→ REQUIRED ACTION: Only the lines below starting at the one that contains "四人高级间, Pousada Villegaignon" and ending at the one that contains "from the sea-Binnen" are to be reproduced, exactly and with both ends kept.

** EXERCISE DATA follows **

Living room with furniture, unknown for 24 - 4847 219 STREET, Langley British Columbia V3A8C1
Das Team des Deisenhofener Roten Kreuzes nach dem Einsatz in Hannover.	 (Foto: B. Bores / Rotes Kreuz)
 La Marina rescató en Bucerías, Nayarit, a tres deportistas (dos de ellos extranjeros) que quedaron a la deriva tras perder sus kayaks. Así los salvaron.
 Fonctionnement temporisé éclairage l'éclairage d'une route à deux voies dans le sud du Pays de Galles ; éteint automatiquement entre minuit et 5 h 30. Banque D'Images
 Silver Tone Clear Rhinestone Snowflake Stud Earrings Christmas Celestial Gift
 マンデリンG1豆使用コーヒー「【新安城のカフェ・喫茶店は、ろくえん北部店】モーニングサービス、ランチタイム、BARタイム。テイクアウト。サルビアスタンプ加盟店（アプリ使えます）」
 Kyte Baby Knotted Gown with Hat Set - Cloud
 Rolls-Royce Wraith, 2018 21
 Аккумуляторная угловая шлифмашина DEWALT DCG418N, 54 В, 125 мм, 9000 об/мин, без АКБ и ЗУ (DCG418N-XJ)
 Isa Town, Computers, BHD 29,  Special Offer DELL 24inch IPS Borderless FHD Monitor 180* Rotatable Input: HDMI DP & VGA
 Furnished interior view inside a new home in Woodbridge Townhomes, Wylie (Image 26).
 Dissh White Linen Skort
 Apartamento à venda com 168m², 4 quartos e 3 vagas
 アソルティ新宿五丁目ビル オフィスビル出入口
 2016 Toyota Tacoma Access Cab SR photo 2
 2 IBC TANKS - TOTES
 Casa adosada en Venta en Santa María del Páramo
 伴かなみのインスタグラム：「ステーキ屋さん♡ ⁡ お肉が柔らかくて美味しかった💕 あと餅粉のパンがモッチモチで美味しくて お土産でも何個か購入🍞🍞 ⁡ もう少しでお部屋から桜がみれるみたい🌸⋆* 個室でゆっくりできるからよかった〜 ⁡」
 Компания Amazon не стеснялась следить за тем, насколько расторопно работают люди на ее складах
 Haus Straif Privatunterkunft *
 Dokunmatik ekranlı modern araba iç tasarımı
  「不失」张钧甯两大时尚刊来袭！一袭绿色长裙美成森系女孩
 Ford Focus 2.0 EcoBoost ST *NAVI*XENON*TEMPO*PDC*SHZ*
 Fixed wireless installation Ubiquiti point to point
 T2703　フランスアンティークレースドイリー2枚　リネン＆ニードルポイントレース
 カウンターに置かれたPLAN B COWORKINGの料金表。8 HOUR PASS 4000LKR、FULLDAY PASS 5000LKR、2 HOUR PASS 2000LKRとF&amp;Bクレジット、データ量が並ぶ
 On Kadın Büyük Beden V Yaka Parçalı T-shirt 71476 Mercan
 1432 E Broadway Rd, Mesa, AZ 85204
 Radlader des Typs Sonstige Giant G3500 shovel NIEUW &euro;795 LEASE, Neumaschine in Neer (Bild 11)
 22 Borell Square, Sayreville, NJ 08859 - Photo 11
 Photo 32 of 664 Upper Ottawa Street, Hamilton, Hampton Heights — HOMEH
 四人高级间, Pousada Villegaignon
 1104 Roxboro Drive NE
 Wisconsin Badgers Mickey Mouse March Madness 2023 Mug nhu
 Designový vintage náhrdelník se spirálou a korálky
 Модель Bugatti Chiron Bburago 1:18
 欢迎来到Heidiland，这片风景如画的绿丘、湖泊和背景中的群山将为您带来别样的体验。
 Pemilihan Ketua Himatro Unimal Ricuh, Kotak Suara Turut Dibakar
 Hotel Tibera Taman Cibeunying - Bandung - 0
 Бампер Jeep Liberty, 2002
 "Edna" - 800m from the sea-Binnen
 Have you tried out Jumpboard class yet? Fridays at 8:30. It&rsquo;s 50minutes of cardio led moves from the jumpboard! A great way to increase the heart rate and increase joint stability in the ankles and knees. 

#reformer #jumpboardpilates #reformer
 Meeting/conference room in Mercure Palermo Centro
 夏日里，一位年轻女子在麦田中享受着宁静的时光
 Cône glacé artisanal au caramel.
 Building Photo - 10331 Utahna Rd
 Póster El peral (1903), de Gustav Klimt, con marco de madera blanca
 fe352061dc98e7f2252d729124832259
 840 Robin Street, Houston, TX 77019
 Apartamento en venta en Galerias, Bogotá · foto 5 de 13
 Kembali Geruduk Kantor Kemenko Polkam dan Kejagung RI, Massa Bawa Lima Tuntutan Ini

** End of EXERCISE DATA **

→ RESULT FOR THIS EXERCISE:
 四人高级间, Pousada Villegaignon
 1104 Roxboro Drive NE
 Wisconsin Badgers Mickey Mouse March Madness 2023 Mug nhu
 Designový vintage náhrdelník se spirálou a korálky
 Модель Bugatti Chiron Bburago 1:18
 欢迎来到Heidiland，这片风景如画的绿丘、湖泊和背景中的群山将为您带来别样的体验。
 Pemilihan Ketua Himatro Unimal Ricuh, Kotak Suara Turut Dibakar
 Hotel Tibera Taman Cibeunying - Bandung - 0
 Бампер Jeep Liberty, 2002
 "Edna" - 800m from the sea-Binnen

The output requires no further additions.